Task requirements:
Word for word, restate the lines from the one holding "Bed in Sandhill Inn & Suites" through the last line of the material below, and leave every picture out.

Input data:
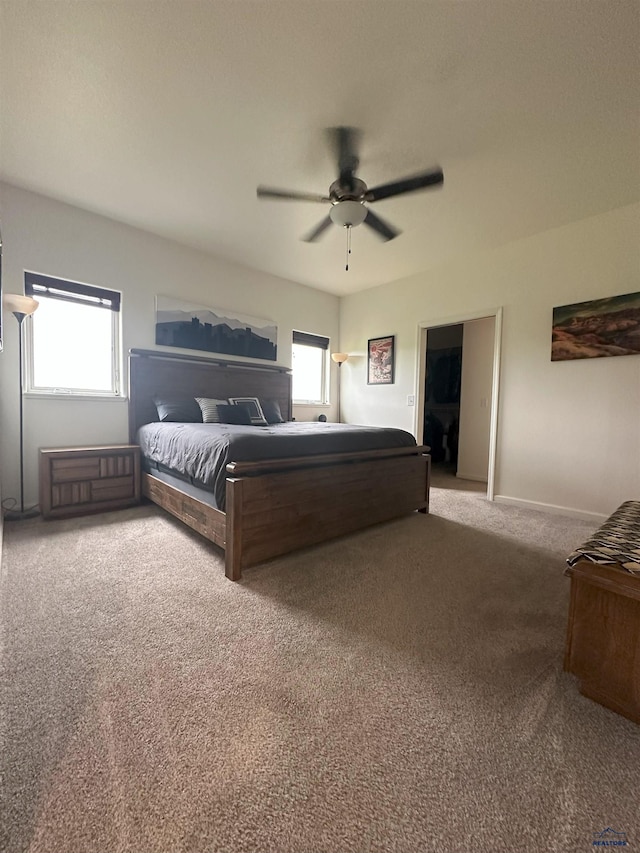 215 Aurora Ave, Spearfish, SD 57783 - carpeted bedroom with ceiling fan and baseboards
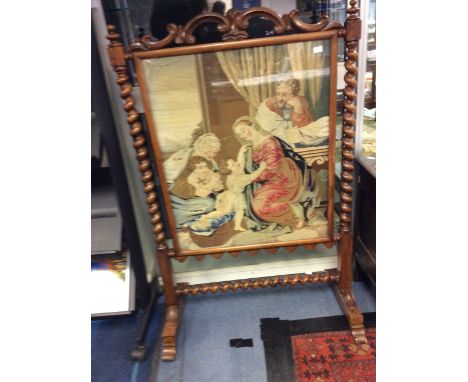 A mid Victorian walnut fire screen, having an inset woolwork panel depicting a religious study, barley twist columns, carved 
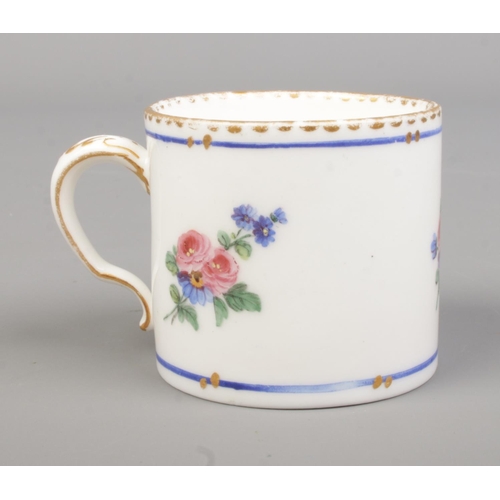 29 - A late 18th century Sevres porcelain coffee cup, handpainted with floral sprays. Height 4.7cm.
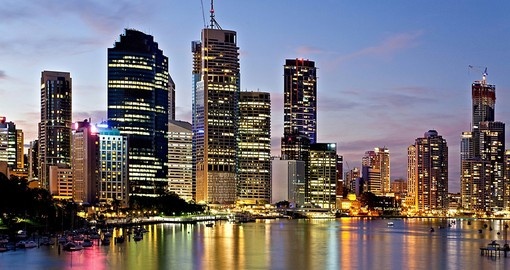 The city skyline reflected on the Brisbane River at sunset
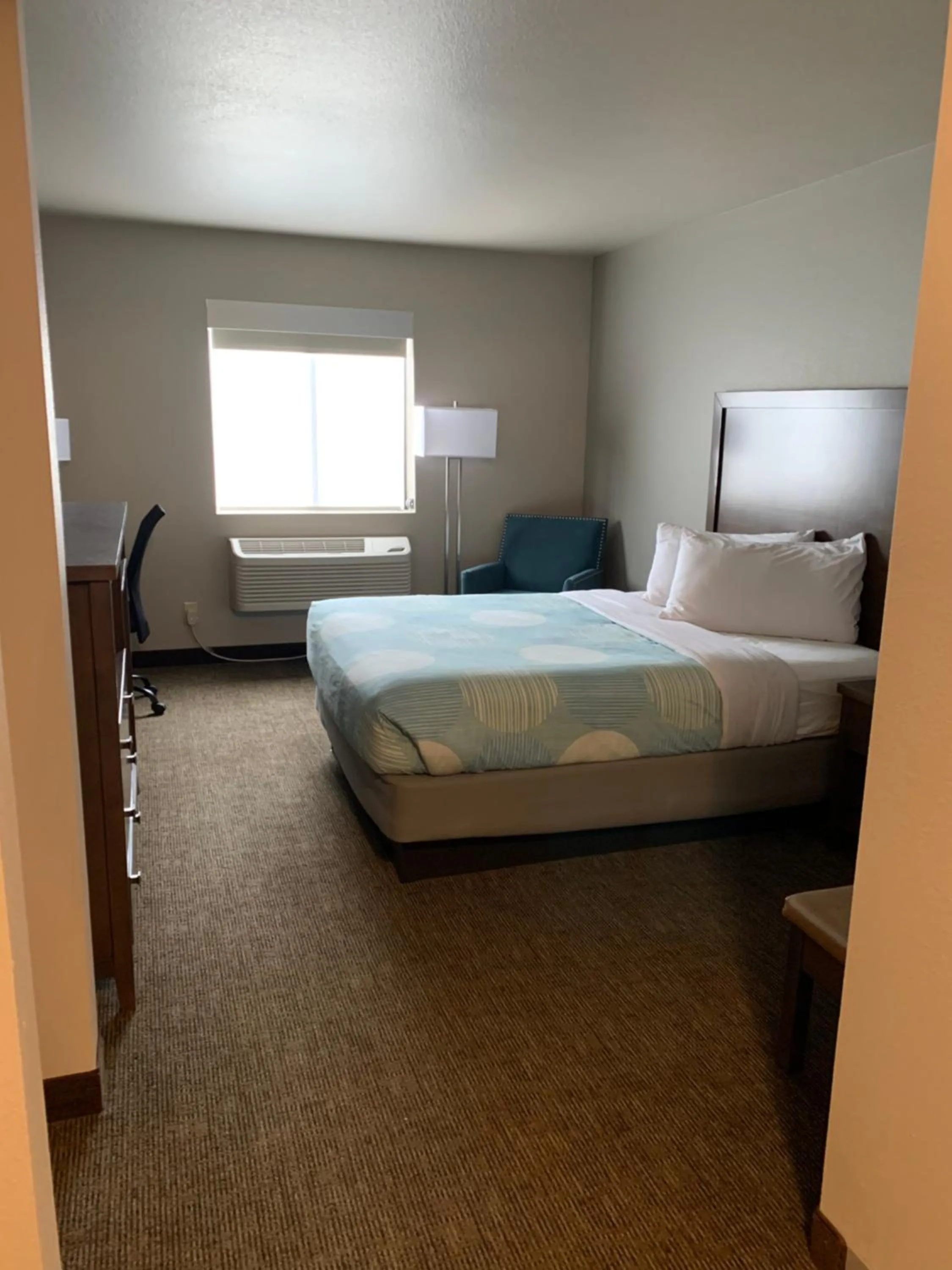 Bed in Sandhill Inn & Suites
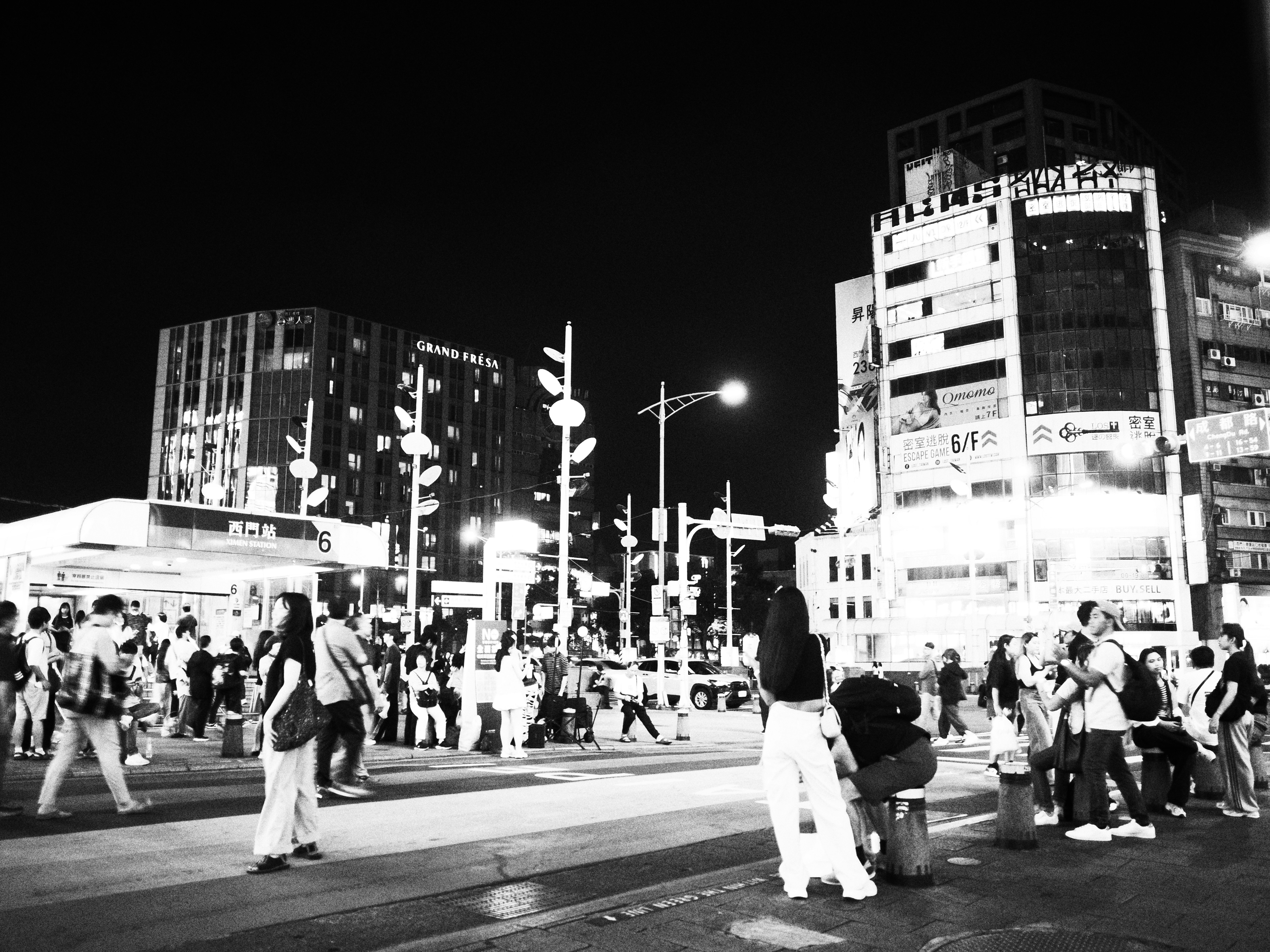 夜の台北の交差点で人々が行き交う街並み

Answer space:
 Bed in Sandhill Inn & Suites
 夜の台北の交差点で人々が行き交う街並み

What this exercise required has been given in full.